Le 6 mars 2019, Bruno Le Maire a présenté en Conseil des ministres un projet de loi pour la taxation du numérique, qui sera examiné à l’Assemblée nationale dès le 8 avril prochain. Le cabinet Deloitte Société d’Avocats a réalisé pour la Computer & Communications Industry Association (CCIA) une étude ex ante de l’impact économique de ce projet de taxe.
Cette taxe, qui s’appliquera uniquement à la France, fait suite à l’échec de la mise en place d’une taxe similaire au niveau européen malgré près de 18 mois de négociations. Elle vise deux types d’activités :
- les plateformes numériques qui mettent en relation clients et producteurs, revendeurs ou fournisseurs de services
- le ciblage publicitaire (via une plateforme digitale) et la revente de données personnelles à des fins publicitaires
En pratique, et même si les contours de cette taxe doivent encore être revus et débattus à l’Assemblée nationale, elle s’appliquera aux entreprises générant un chiffre d’affaires taxable (i.e. chiffre d’affaires généré uniquement à travers les activités visées par la taxe) supérieur à 750M€ au niveau mondial et à 25M€ en France.

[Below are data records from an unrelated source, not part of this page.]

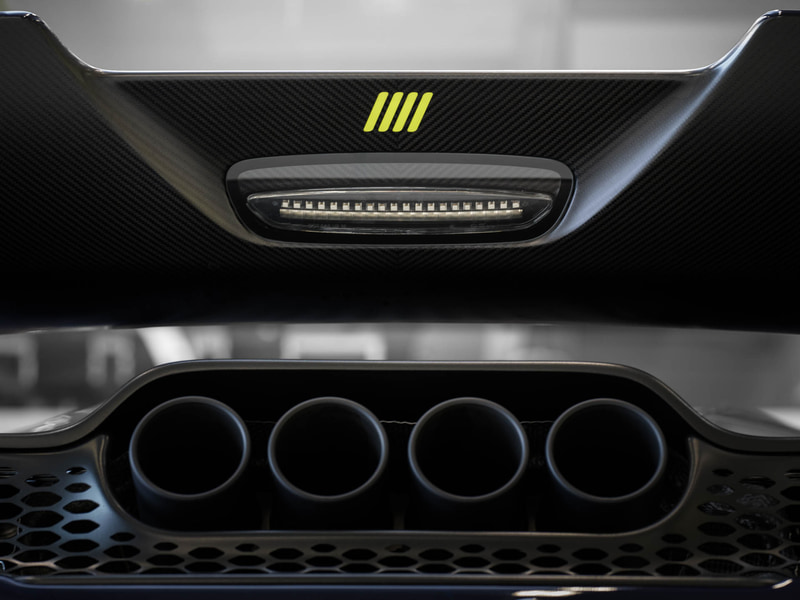 マクラーレン、「765LT Spider」をF1ドライバーのランド・ノリス選手が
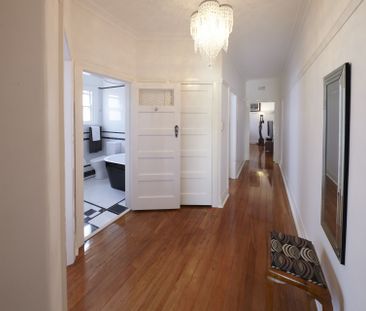 Centrally located Art Deco Inspired Elegance - Photo 5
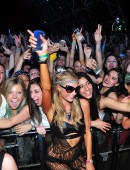 Paris-Hilton-Coachella-704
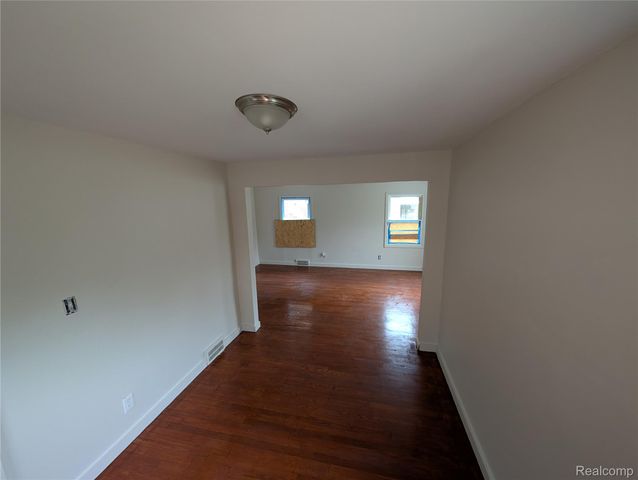 5575 Buckingham Avenue, Detroit, MI 48224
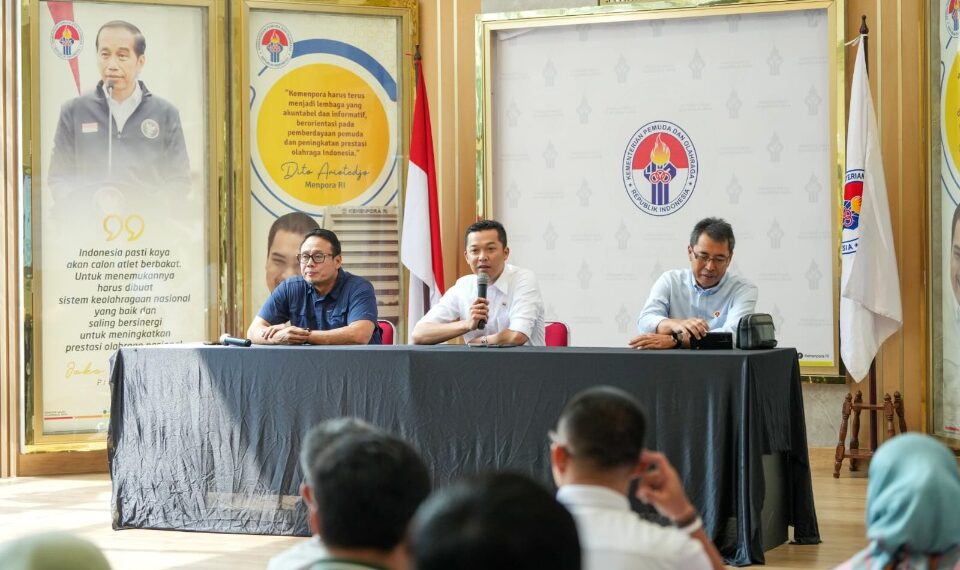 Wakil Menteri Pemuda dan Olahraga Republik Indonesia (Wamenpora RI) Taufik Hidayat ingin tim Indonesia yang bertanding di turnamen Asian Schools Football U-18 2024 bisa tampil maksimal.(foto:egan/kemenpora.go.id)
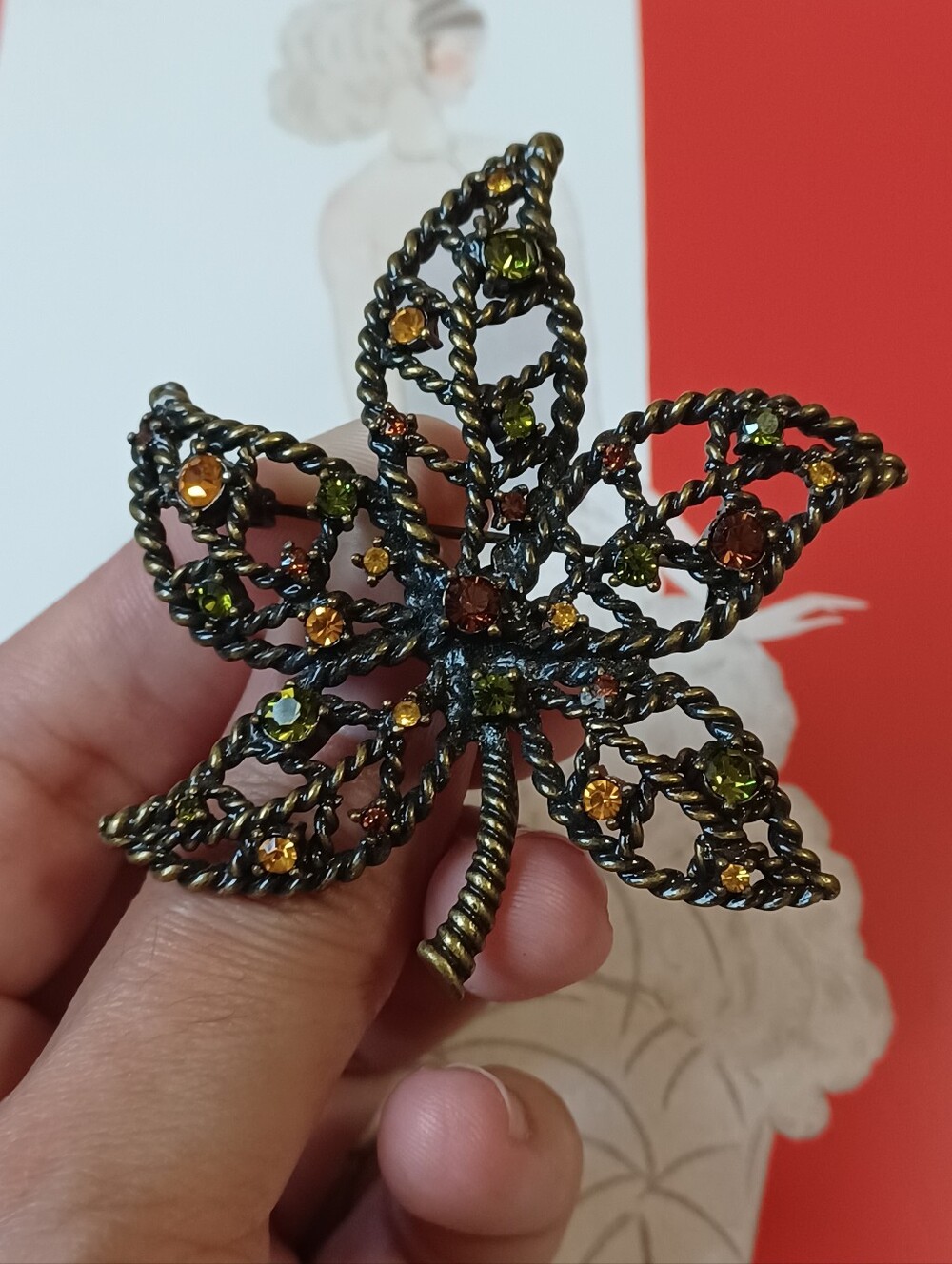 Vintage Avon NR Fall Rhinestone Leaf Pin Brooch 🍀 - Picture 6 of 7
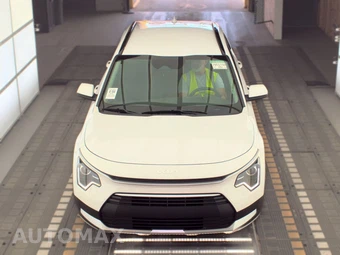 2025 Kia Niro LX - miniatura 2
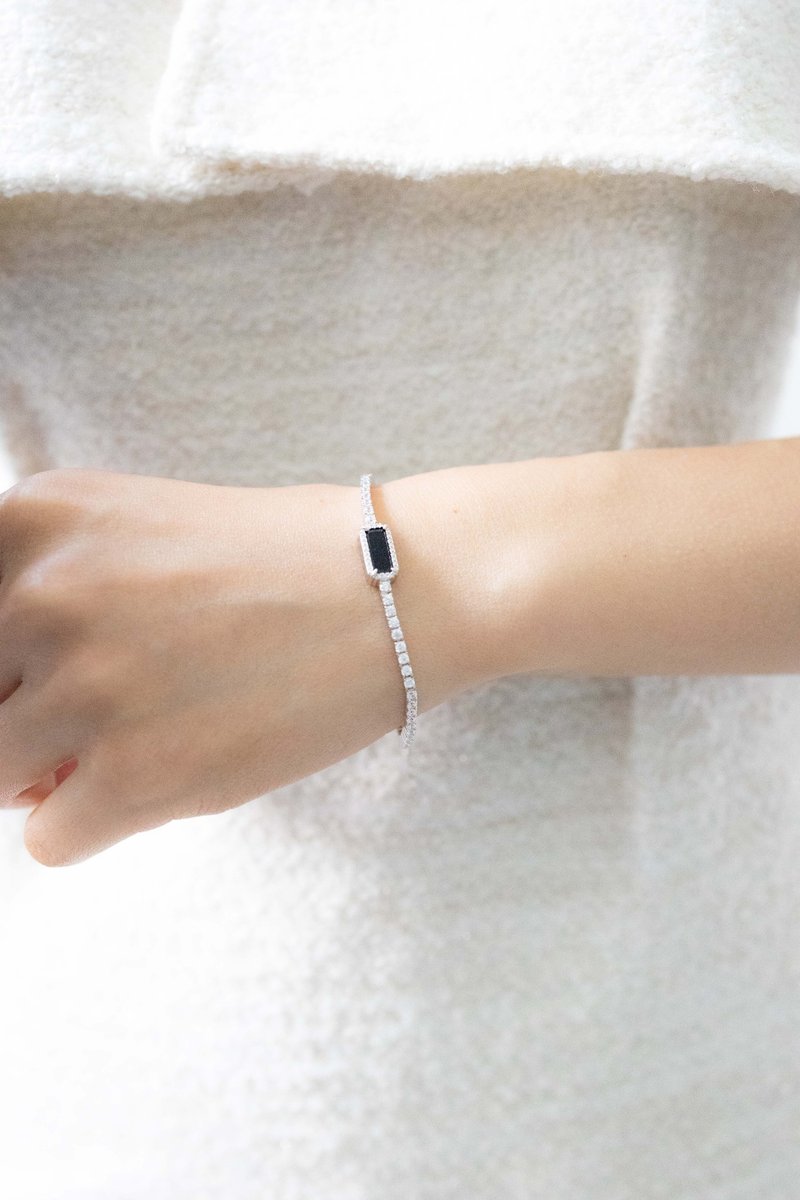 高級感黑曜石鋯石純銀手鏈Tennis bracelet - 手鍊/手環 - 純銀 銀色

Ainsi, dans le cas où une entreprise est au-dessus de ces seuils, une taxe de 3 % sera appliquée à son chiffre d’affaires taxable. Selon les premières estimations du Gouvernement, cette mesure devrait rapporter plus de 400M€ à l’Etat dès 2019 (et près de 500M€ en 2020).
Bruno Le Maire a indiqué dans une interview récente que cette taxe avait à la fois l’objectif de rétablir une forme d’équité fiscale entre les « Gafa » et les entreprises traditionnelles, et qu’elle s’inscrivait également dans le projet plus ambitieux d’influencer la réforme de la fiscalité du numérique qui est actuellement discuté à l’OCDE.
Cette étude qui a été réalisée purement sous l’angle économique se focalise sur trois aspects :
- L’incidence de la taxe : comment la taxe affectera-t-elle les prix des biens et des services en France et qui en supportera la charge in fine ?
- La répartition de la charge fiscale entre les agents économiques : comment la charge fiscale sera-t-elle répartie entre les contribuables, les entreprises françaises utilisant les plateformes numériques et les consommateurs ?
- L’efficacité de la taxe qui comprend deux sous-questions :
- Quel est le coût administratif total de cette taxe à la fois pour l’administration (coût de collecte et de contentieux) et pour les contribuables (coûts de conformité) ?
- Quelle distorsion va créer cette taxe dans l’économie française (par exemple, certaines entreprises seront favorisées par rapport à d’autres, les investissements ou l’emploi seront plus faibles qu’ils ne le seraient sans la taxe, moins de services numériques seront consommés par les ménages, etc.) ?
Les principales conclusions de l’étude sont exposées ci-dessous :
- Il est très probable que les entreprises assujetties à la taxe soient capables de la répercuter en aval et que ce soient les consommateurs ainsi que les entreprises utilisatrices de services numériques qui portent ultimement la charge fiscale. Plus précisément, nous avons estimé la répartition de la charge fiscale suivante :
- Consommateurs (55 %)
- Entreprises opérant sur les places de marché et achetant de la publicité numérique (40 %)
- Les entreprises visées par la Taxe Gafa (5 %)
- La mise en œuvre concrète de la taxe devrait soulever d’importantes difficultés d’application (et donc générer des coûts administratifs élevés), liées à certaines ambigüités du texte actuel :
- Le mode de calcul de la base taxable est actuellement très flou et repose sur des données non publiques et largement non stockées par les entreprises. La difficulté à obtenir les données nécessaires et à les auditer est susceptible de donner lieu à de coûteuses discussions entre les contribuables et l’Administrations ;
- Il existe d’importants risques de double taxation, en raison des modèles économiques numériques, qui sont encore accrus par la perspective de mise en œuvre d’une taxe « GAFA » par d’autres Etats.